Walter Russell Mead recently blogged that in the past, Indian policymakers would list three enemies: Pakistan, Pakistan and Pakistan. But the old rivalry of South Asia now only has an emotional, not a rational connection with either the present or the future. India and Pakistan are working to improve their bilateral relationship. During his second visit to Islamabad last week, India’s foreign minister Somanahalli Mallaiah Krishna reiterated his country’s wish to see a peaceful and prosperous neighbor.

One of the reasons for India’s continuous engagement with Pakistan is that it is on the road to Central Asia. The former Soviet satellite states in the region possess vast energy reserves and have attracted the attention of nearby great powers.

India cannot afford to lag behind. Since the beginning of the twenty-first century, it has sought an influence in Central Asia. The levels of engagement have been economical and political.

As an emerging “global economic powerhouse,” India will require huge quantities of oil and natural gas to support its industrial production. At present, India is the sixth largest energy consumer in the world. Its oil demand is expected to increase to two hundred million tonnes in 2025. To meet this rising demand, India cannot rely exclusively on petroleum exporting nations in the Middle East.

Indian companies are already active in Central Asia. In Kazakhstan, India’s ONGC Videsh Limited is engaged in the exploration of oilfields. AcelorMittal owns metallurgical plant and coal mines in the same country.

In May, Turkmenistan finally agreed to the construction of the Turkmenistan-Afghanistan-Pakistan-India or TAPI gas pipeline. India is also invested in Afghanistan which similarly contains huge natural resources.

Besides their economic value, countries in Central Asia are of strategic significance. If India is to sustain its relationship with the government in Kabul after the NATO withdrawal in 2014, stable relations with the republics to the north will be vital given the ethnic overlap between the countries.

Mead points out that China, which also eyes Central Asia’s energy and minerals, “has a big head start over Delhi when it comes to building roads, revamping public transport networks and goodwill gestures like doling out scholarships to Kazakhs, Tajiks and Kyrgyz.” Indian trade with the region is also very limited at present.

It’s no wonder, then, that Indian policy planners are looking for ways to expand India’s presence in the region — especially in countries, like Tajikistan, that fear a Taliban revival just as much as India does, if not more.
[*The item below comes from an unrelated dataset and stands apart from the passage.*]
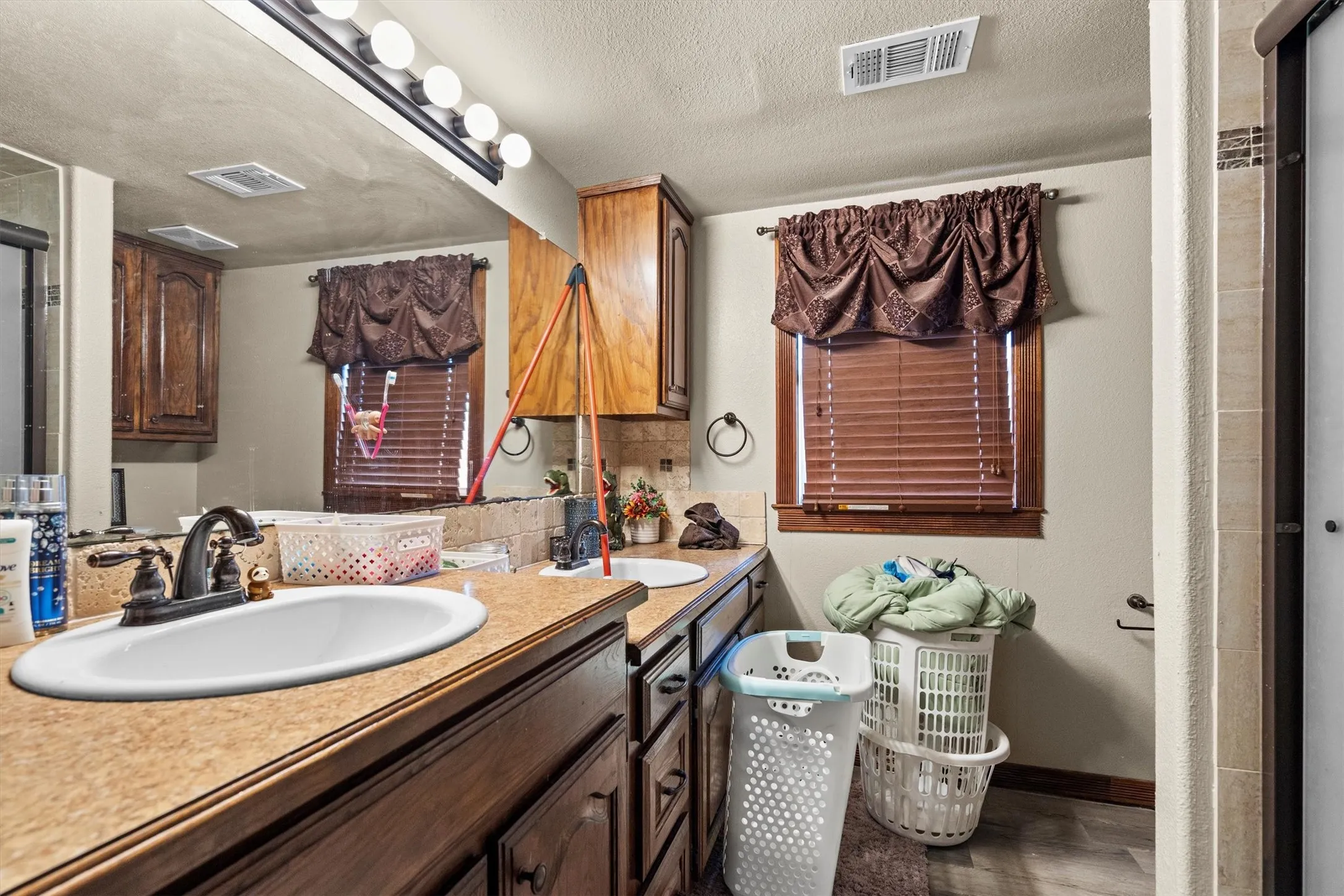 Single Family Residence For Sale in Grayson County , 801 E Main Street, Tioga, Texas 76271, 4 Bedrooms, 2 Bathrooms, 1 Garage spaces, 2,142 Sqft, built in 1945, Preowned, Price $249,000, mls#21038913, Real Estate Agent in Tioga, Homes For Sale in Grayson county, Homes For Sale in Tioga, Realtor in Tioga Texas, Real Estate Brokerage Independent Realty Texas, Luminita Cordes Realtor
Afghan warlords belonging to powerful Tajik ethnic groups have close ties with Tajikstan. They constituted a major part of the Northern Alliance that fought against the Taliban before these Sunni Islamist fanatics managed to take Kabul in 1996, with Pakistani support.

The Tajik are now an integral part of the Afghan army. Once foreign troops pull out, India’s fate in Afghanistan will depend on the support it can extract from one or more of the main ethnic and interest groups in the country as well as its alliances with neighboring countries.